Some of the best business decisions – if not all – are made, to some extent, by committee. Meetings are an ineluctable part of business language, culture, and development, being the primary catalysts by which ideas are generated, changes made, plans confirmed, and news broken. But running a good meeting is as much an art as it is a science.
A 2021 survey found that workers were wasting an average of five days a year in ‘pointless’ meetings, a statistic shored up by office sentiment across the country. What can you do, then, to plan a successful meeting?
Create an Agenda
In order for any meeting to even have a chance of success, there needs to be a formal agenda for said meeting. How many meetings have you personally been a part of that could have just as easily been an email? Setting an agenda for your meeting guarantees it both form and substance; with pre-set topics and a clear set of goals for your meeting, you can ensure that something valuable will come of it.
Strictly speaking, an agenda is simply a formalised structure for a given meeting, from acknowledgments at the start to pre-defined topics and conversation and opportunities for interjection or remarks. In principle, though, it is more than this. An agenda is an opportunity for you to recognise and utilise the talents of everyone in the room, as well as to convey necessary information.
Manage Logistics
Meetings come in many different shapes and sizes, from smaller-scale departmental catch-ups to larger events with international visitors.
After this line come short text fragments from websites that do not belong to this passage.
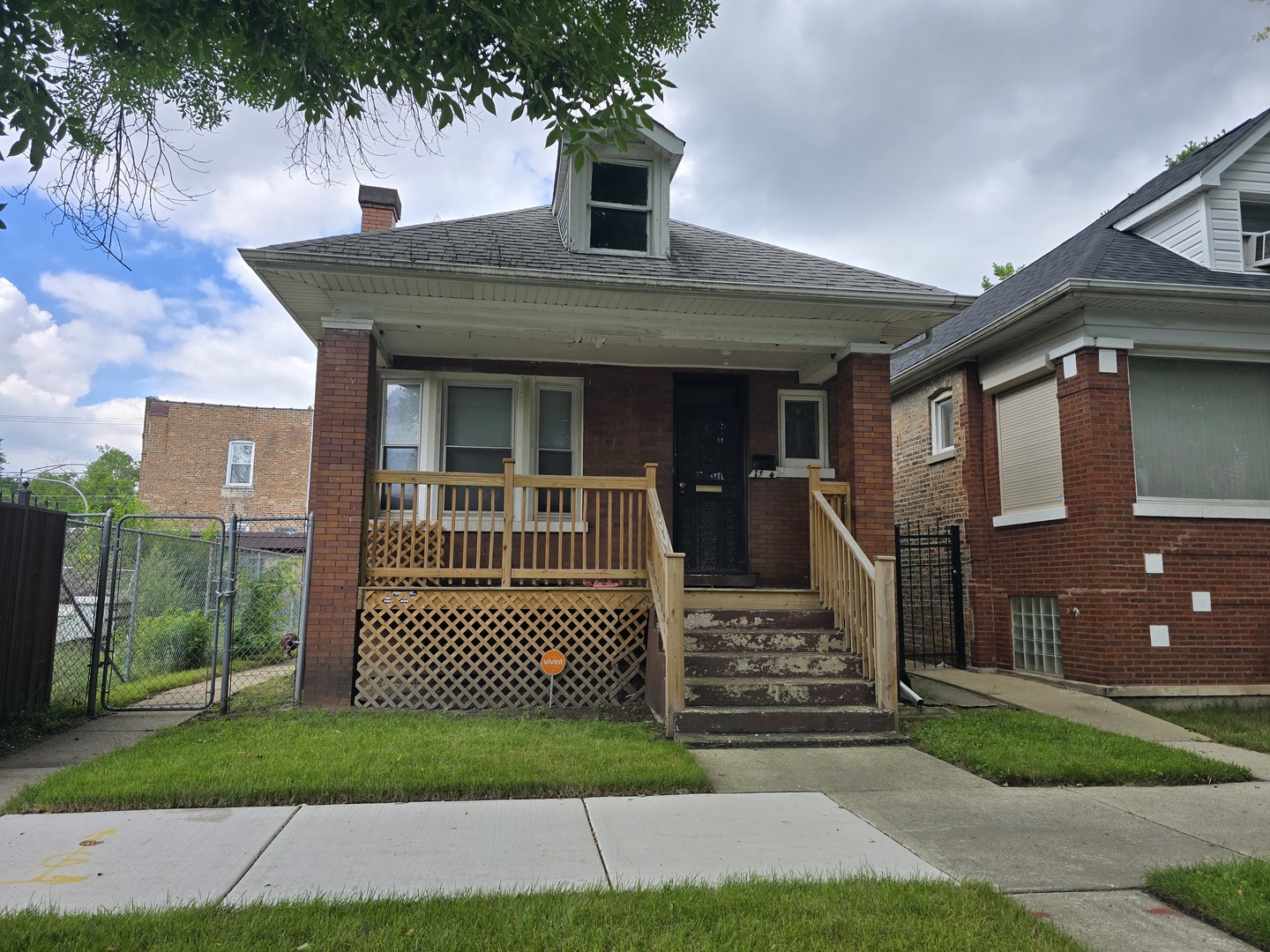 7554 South Saint Lawrence Avenue Chicago IL 60619
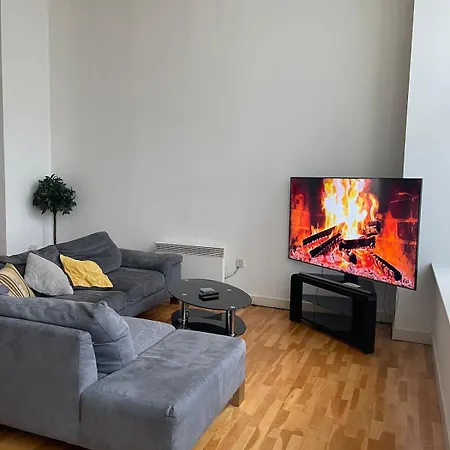 Exceptional And Spacious Flat Next To Station Glasgow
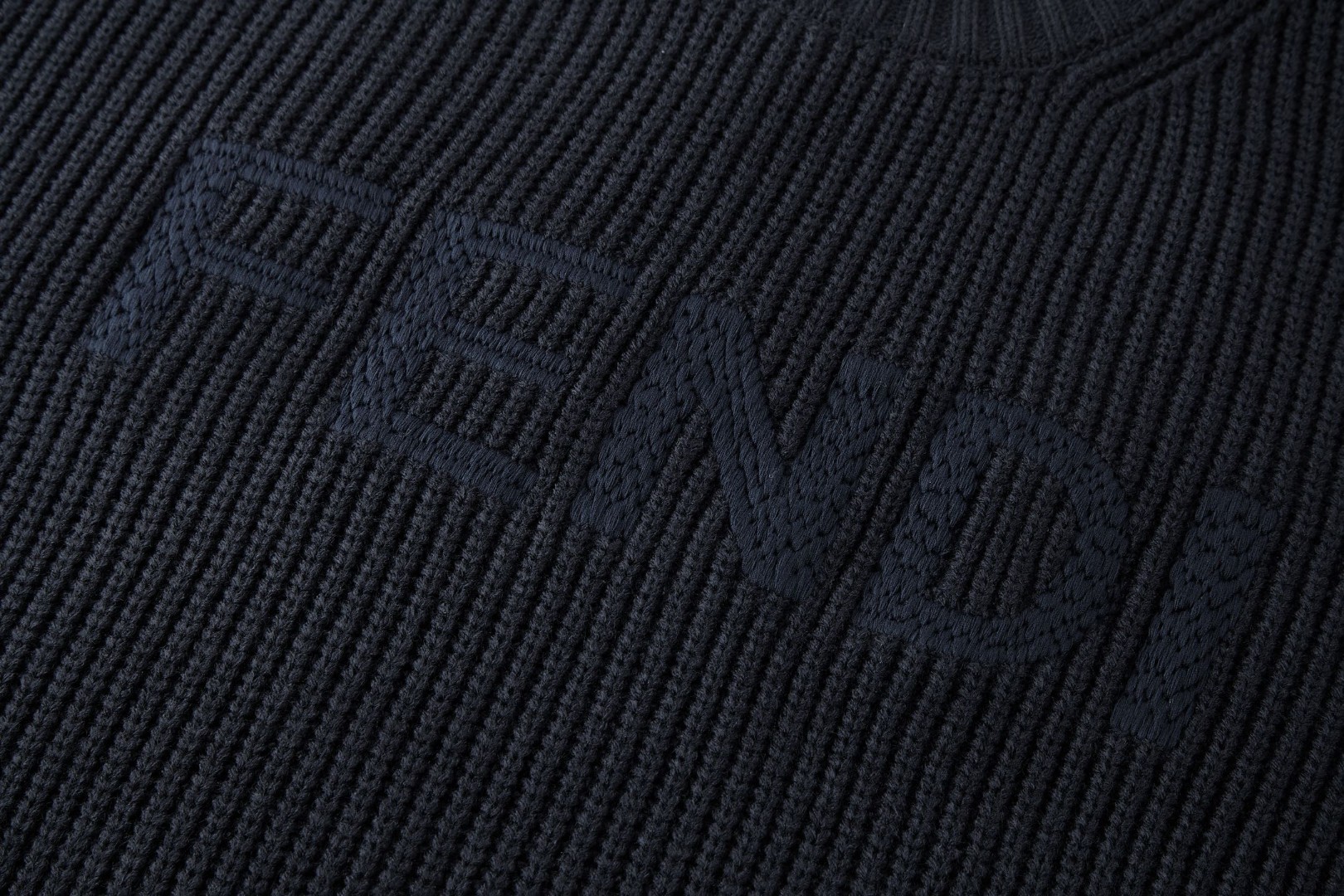 FENDI 芬迪 刺绣标识毛衣 针织衫 外套 保暖 长袖 米白色 蓝色 B0 FZX091AW0CF0N5W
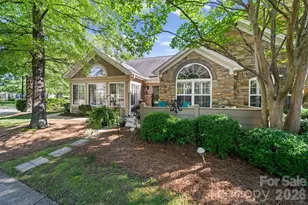 5418 Prosperity View Dr, Charlotte, NC 28269 - Photo 2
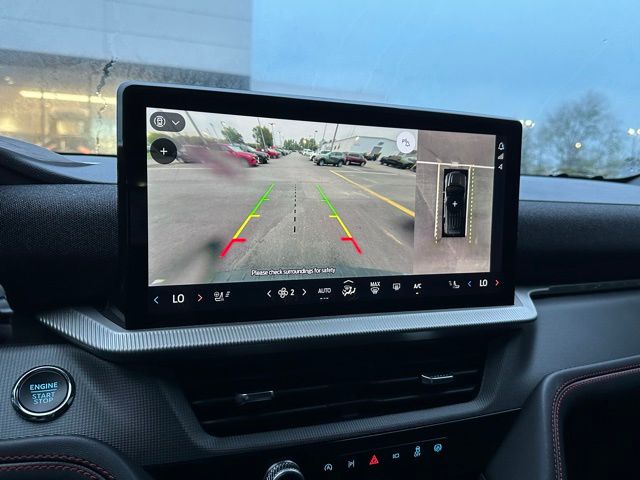 2025 Ford Explorer ST-Line photo 23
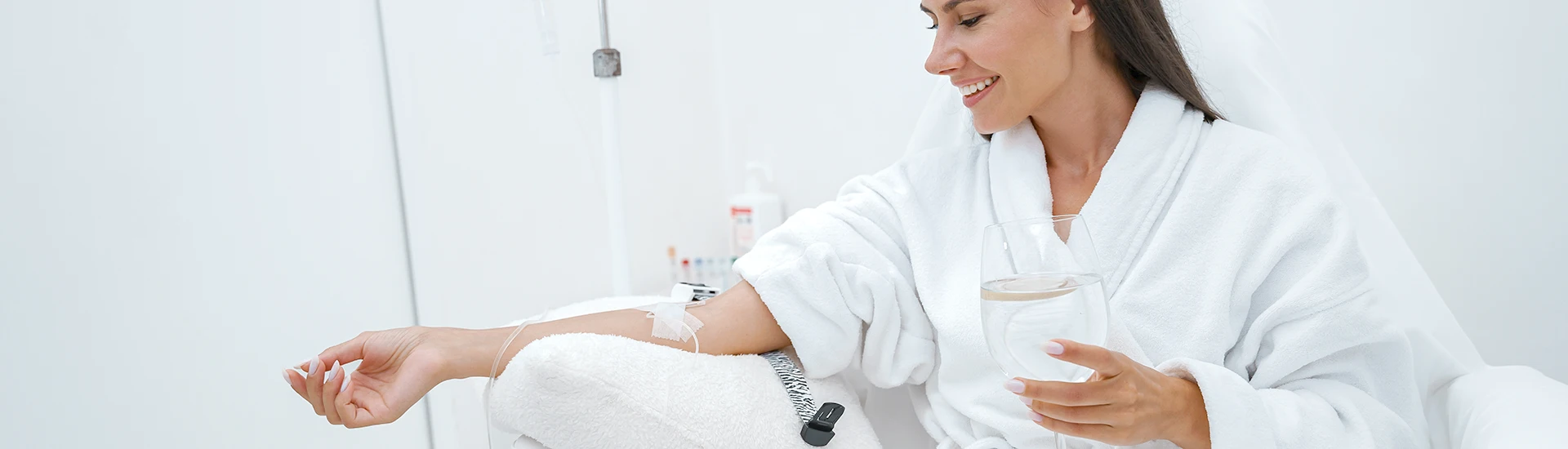 Eine Patientin erhält eine Infusion.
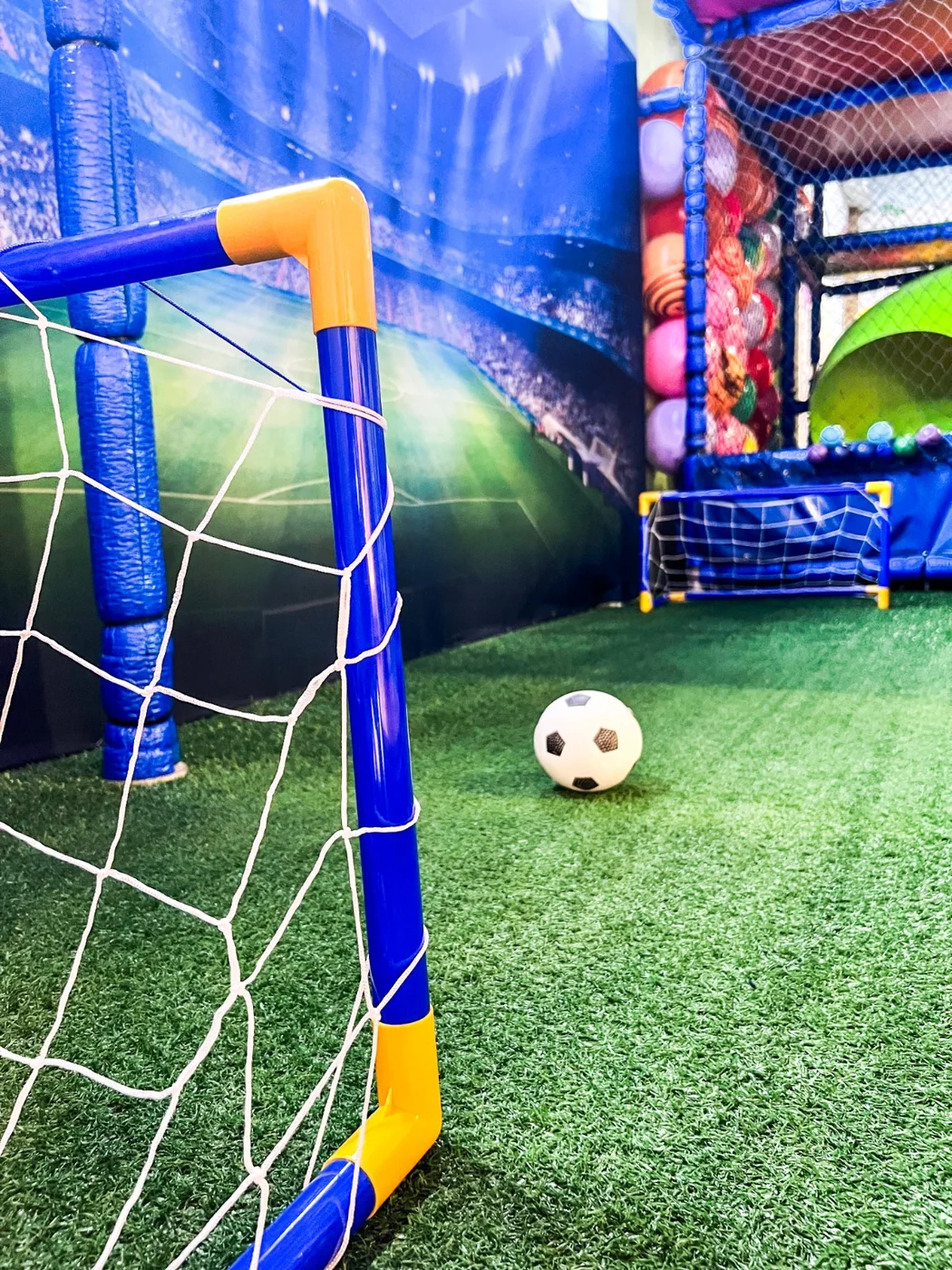 Mini campo de futebol infantil com grama sintética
Whatever form your meeting takes, taking personal control over (and accountability for) any logistics relating to the meeting should be a given.
As the host or chair of the meeting, you should be directly responsible for ensuring the time of your meeting’s participants is properly blocked out in your work system. Where international presence is a necessity, you should be arranging travel and board; a private jet hire may be justifiable where important time-sensitive matters are concerned, to get your visitors in at short notice and in relative comfort to boot.
Control and Courtesy
Another key way in which business meetings can derail themselves is through the conduct of those present. This isn’t to say that meetings need a teacher-like presence to ‘control the classroom’, so to speak, but rather that even meetings with agendas can run over time or off-topic without a hand on the tiller.
To this end, your role as the organiser of this meeting should be to keep everyone up-to-date and on task, thus minimising opportunities for the meeting to steer off-course. This demonstrates respect for everyone’s time, and ensures the right subjects receive prominent attention. Altogether, these little tips can make a major success of your next meeting arrangement.